Mercedes F1 boss Toto Wolff is proud of the responsive and friendly working atmosphere that exists at championship winning outfit and due in part to a "no dickheads" philosophy inspired by the great All Blacks rugby team.
Mercedes' outstanding engineering and organizational excellence has been at the forefront of the German manufacturer's dominance of Formula 1 for the past seven seasons.
But as an astute operator, Wolff has helped instill a culture of collaboration and sociability at Brackley that has also been crucial to Mercedes success and stability.
Speaking to Formula1.com's Will Buxton, Wolff recalled a moment in his early days with the Brackley squad that would come to define the team's warm atmosphere.
"There is a lot of camaraderie, I would call it," said the Austrian.
"I had a weird situation in 2015 when I moved to the UK and for my birthday on January 12th my wife Suzie said ‘who do you want to invite?’.
"The only people I could imagine inviting were my close confidants in the team.
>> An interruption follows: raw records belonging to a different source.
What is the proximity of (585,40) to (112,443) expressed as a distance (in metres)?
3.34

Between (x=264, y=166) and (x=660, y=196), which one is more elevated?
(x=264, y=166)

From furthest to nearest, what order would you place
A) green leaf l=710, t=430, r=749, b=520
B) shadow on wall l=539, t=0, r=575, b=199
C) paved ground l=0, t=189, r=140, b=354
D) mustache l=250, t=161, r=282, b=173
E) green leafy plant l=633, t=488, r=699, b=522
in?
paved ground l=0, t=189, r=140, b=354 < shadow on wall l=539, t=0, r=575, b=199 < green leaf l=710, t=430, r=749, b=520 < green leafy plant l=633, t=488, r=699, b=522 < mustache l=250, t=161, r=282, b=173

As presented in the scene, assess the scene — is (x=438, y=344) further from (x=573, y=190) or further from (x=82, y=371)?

We ended up having a dinner with 10 or more colleagues of mine with their wives, and that shows how close we were straight from the get-go."
Wolff said he harbored a genuine interest in his colleagues, an attentiveness that permeates through the team.
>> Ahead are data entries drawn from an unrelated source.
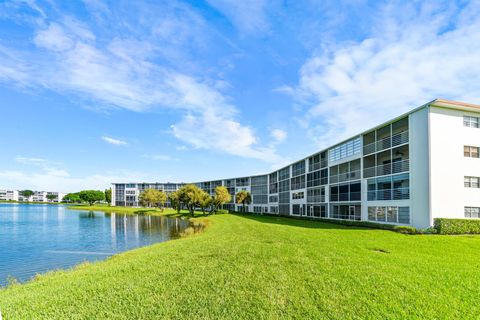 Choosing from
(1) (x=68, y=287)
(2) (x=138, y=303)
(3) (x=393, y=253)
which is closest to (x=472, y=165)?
(3) (x=393, y=253)

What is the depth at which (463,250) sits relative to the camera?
14.6 m

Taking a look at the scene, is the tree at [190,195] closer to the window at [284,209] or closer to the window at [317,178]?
the window at [284,209]

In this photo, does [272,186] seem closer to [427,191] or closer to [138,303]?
[427,191]

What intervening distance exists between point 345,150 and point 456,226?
16.0 m

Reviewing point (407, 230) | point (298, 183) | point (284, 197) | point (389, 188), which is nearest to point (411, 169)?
point (389, 188)

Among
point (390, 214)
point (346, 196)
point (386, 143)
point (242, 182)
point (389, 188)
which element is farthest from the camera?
point (242, 182)

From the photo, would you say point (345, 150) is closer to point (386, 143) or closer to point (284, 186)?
point (386, 143)

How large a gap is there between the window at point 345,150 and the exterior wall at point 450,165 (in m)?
10.1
"I have a real interest in the people," he added. "I like to spend a lot of time with them, understanding their struggles, their worries and also what motivates and challenges them.
"We care for each other in the team and I think this is being felt. But it’s not all schmoozing and we are all so happy with each other, there’s also a way of coping with pressure.
"It’s a safe environment. We have no hire-and-fire policy, we don’t blame each other.
"It can be heated, and that’s very important, diversity of opinion, but it never leads to a situation where we fall out with each other.
"If we fall out, that has been at the beginning, that means the characters didn’t fit to each other."
Creating a positive atmosphere is an important undertaking. But sustaining year in and year out the productive and receptive environment is equally critical.
Wolff explained how the team resorted to a simple philosophy inspired by an adage promoted by New Zealand's famed All Blacks rugby squad.
"We have a sports psychologist in the team called Ceri Evans who is also the sports psychologist for the All Blacks," said the 48-year-old team boss.
"One of the mottos of the All Blacks is ‘No dickheads’! And we kind of took that philosophy to us as well."